■ Information provided
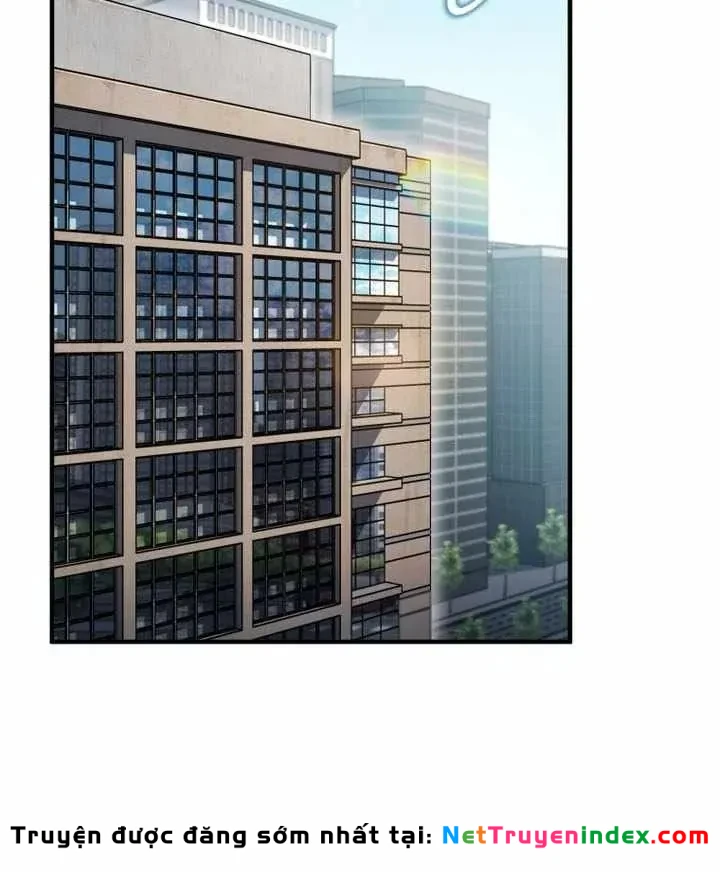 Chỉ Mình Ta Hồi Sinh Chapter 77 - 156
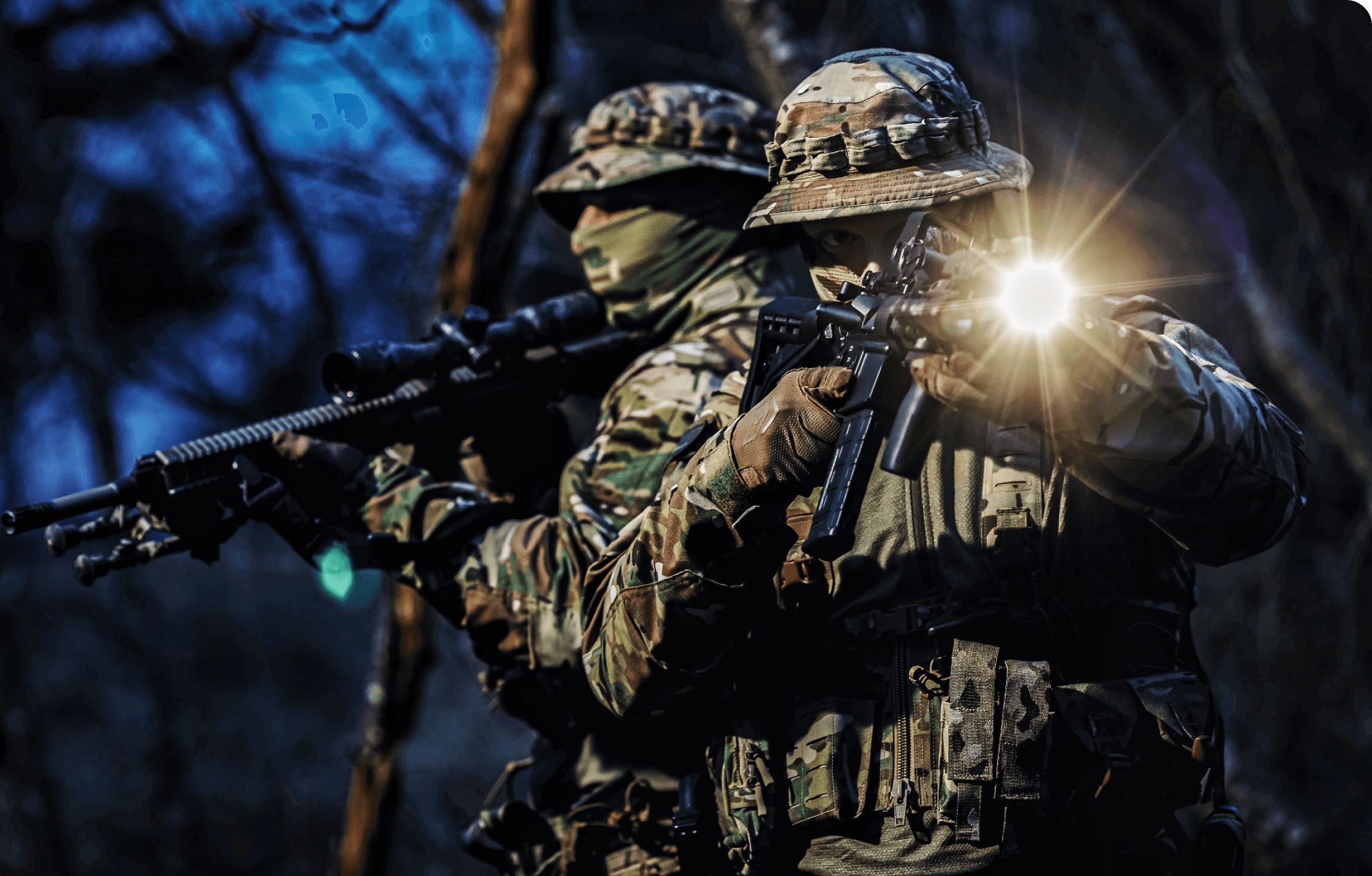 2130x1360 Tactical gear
==
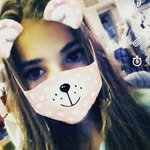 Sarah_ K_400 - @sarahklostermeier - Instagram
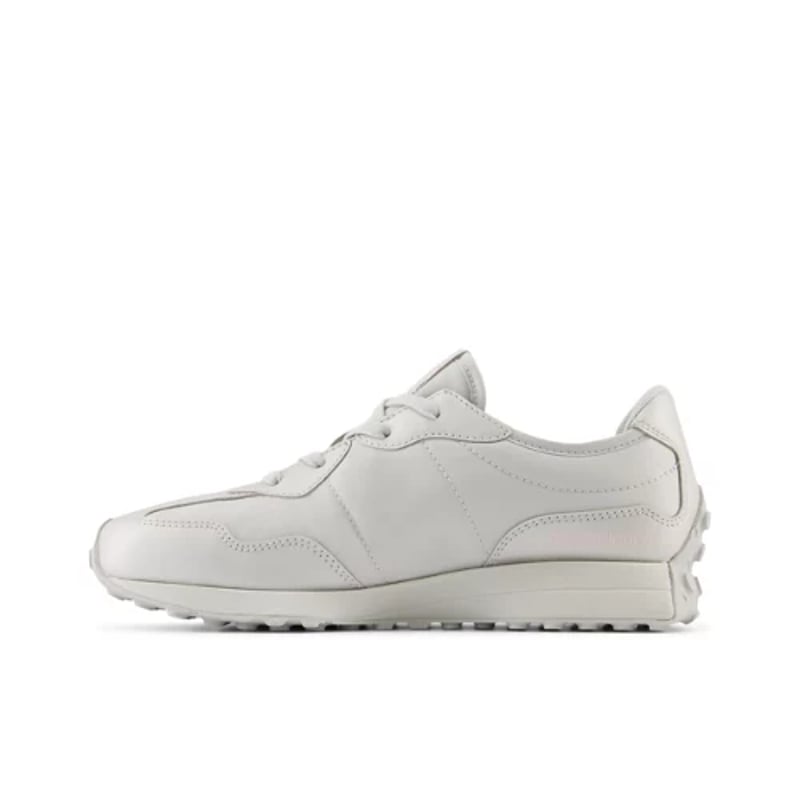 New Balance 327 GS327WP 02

■ Exercise details
The stretch above running from the line with "Sarah_ K_400 - @sarahklostermeier" through the line with "New Balance 327 GS327WP 02" is all you should copy, exactly, leaving out the pictures.

■ Output of the exercise
 Sarah_ K_400 - @sarahklostermeier - Instagram
 New Balance 327 GS327WP 02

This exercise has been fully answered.